Обсуждение: Problems with inequalities on numeric fields in 6.5

Поиск
Список
Период
Сортировка

Problems with inequalities on numeric fields in 6.5

От
Martin Weinberg
Дата:
Folks,

I have som large data basees (from 7 million to 20 million
records and growing) and want to optimize selection in a
range between two float4 values.  I have made indices on the
relevant variables.

I notice that a query such as:

   select count(*) from mydata where x='3.4';

executes in under 10 seconds.  However, a query such as

   select count(*) from mydata where x>'3.4' and x<'3.5';

takes at least 20 minutes.  EXPLAIN suggests that both
are using an index scan.

Not forcing float4 conversion does much better, e.g.

   select count(*) from mydata where x>3.4 and x<3.5;

returns in under a minute although EXPLAIN suggests
that an sequential scan is used.

Can anyone give me some guidance on what that best
strategy is do select records in a range of float4
values?

Thanks!

--Martin

P.S. This behavior is also present in 6.4.2.

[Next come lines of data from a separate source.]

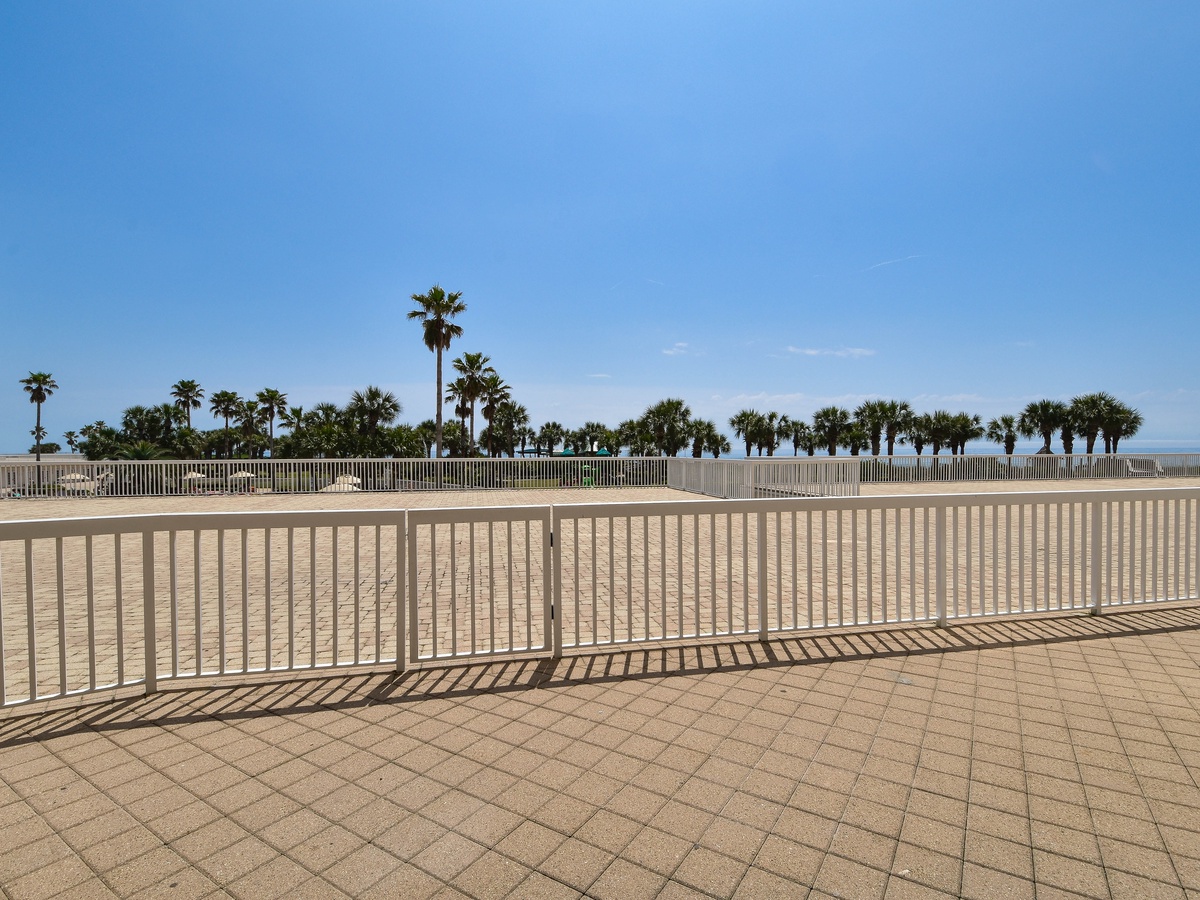 Silver Shells St. Maarten 202 - Patio View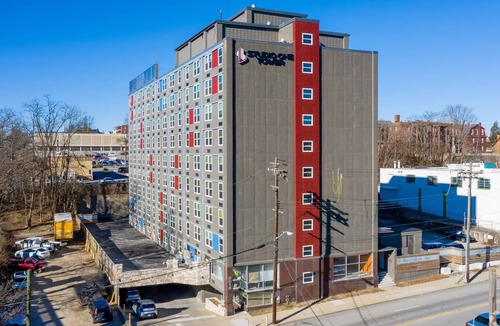 Corryville Apartment | Sleepover | Updated 1BR/1BA + Gym - Cincinnati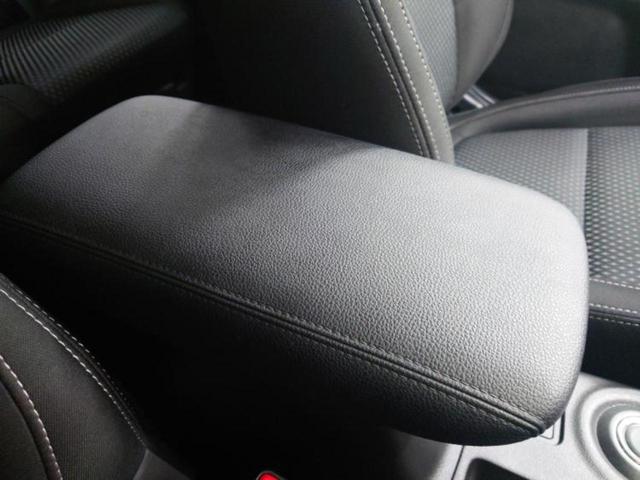 アウトランダー ４ＷＤ２４Ｇセーフティパッケージ　新品タイヤ／保証書／社外　ＳＤナビ／衝突安全装置／車線逸脱防止支援システム／ヘッドランプ　ＬＥＤ／Ｂｌｕｅｔｏｏｔｈ接続／ＥＴＣ／ＥＢＤ付ＡＢＳ／横滑り防止装置／アイドリングストップ　バックカメラ（34枚目）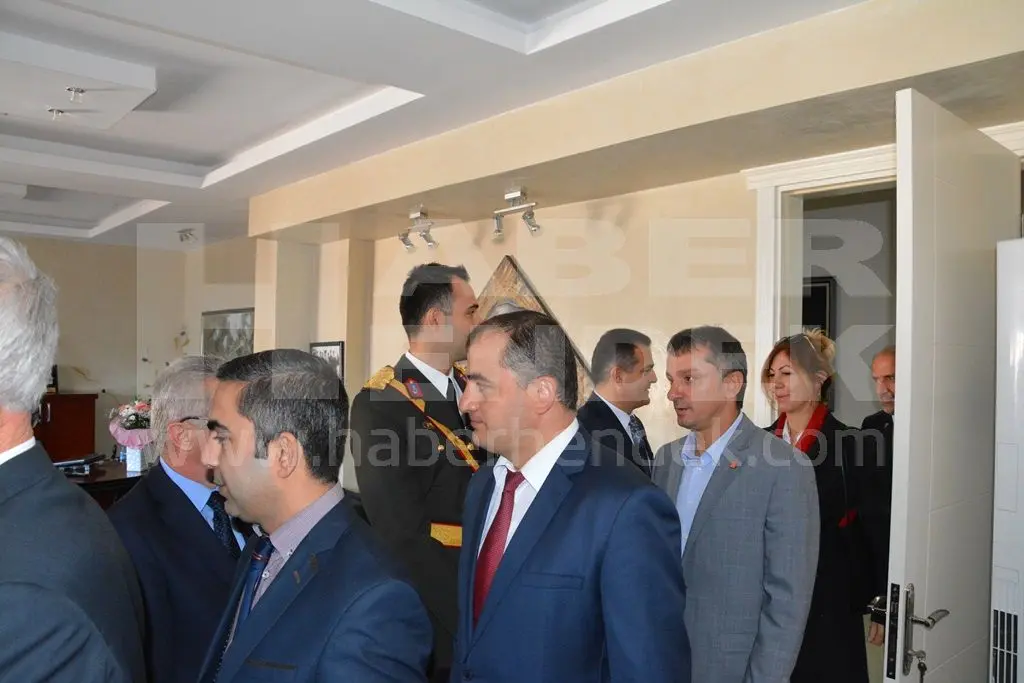 Haber: Kaymakam Akbıyık Tebrikleri Kabul etti - Galeri-2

===========================================================================

Martin Weinberg                      Phone: (413) 545-3821
Dept. of Physics and Astronomy       FAX:   (413) 545-2117/0648
530 Graduate Research Tower
University of Massachusetts
Amherst, MA  01003-4525

Re: [GENERAL] Problems with inequalities on numeric fields in 6.5

От
Bruce Momjian
Дата:
> Not forcing float4 conversion does much better, e.g.
>
>    select count(*) from mydata where x>3.4 and x<3.5;
>

OK, let me ask.  Vacuum analyze.  What does pg_statistics show for
min/max values?  What does EXPLAIN show?



--
  Bruce Momjian                        |  http://www.op.net/~candle
  maillist@candle.pha.pa.us            |  (610) 853-3000
  +  If your life is a hard drive,     |  830 Blythe Avenue
  +  Christ can be your backup.        |  Drexel Hill, Pennsylvania 19026

Re: [GENERAL] Problems with inequalities on numeric fields in 6.5

От
Martin Weinberg
Дата:
Bruce Momjian wrote on Tue, 06 Jul 1999 23:24:12 EDT
>> Not forcing float4 conversion does much better, e.g.
>>
>>    select count(*) from mydata where x>3.4 and x<3.5;
>>
>
>OK, let me ask.  Vacuum analyze.  What does pg_statistics show for
>min/max values?  What does EXPLAIN show?
>

The _true_ variable name is called "j_m" in the table "lmctot" and
the database is called lmc.

From "select * from pg_statistic", I have min and max to be
2.731 and 99.999 for that float4 field.

Explain for the converted values:
--------------------------------
lmc=> explain select count(*) from lmctot where j_m>'3.4' and j_m<'3.5';
NOTICE:  QUERY PLAN:

Aggregate  (cost=62349.97 rows=788100 width=4)
  ->  Index Scan using j on lmctot  (cost=62349.97 rows=788100 width=4)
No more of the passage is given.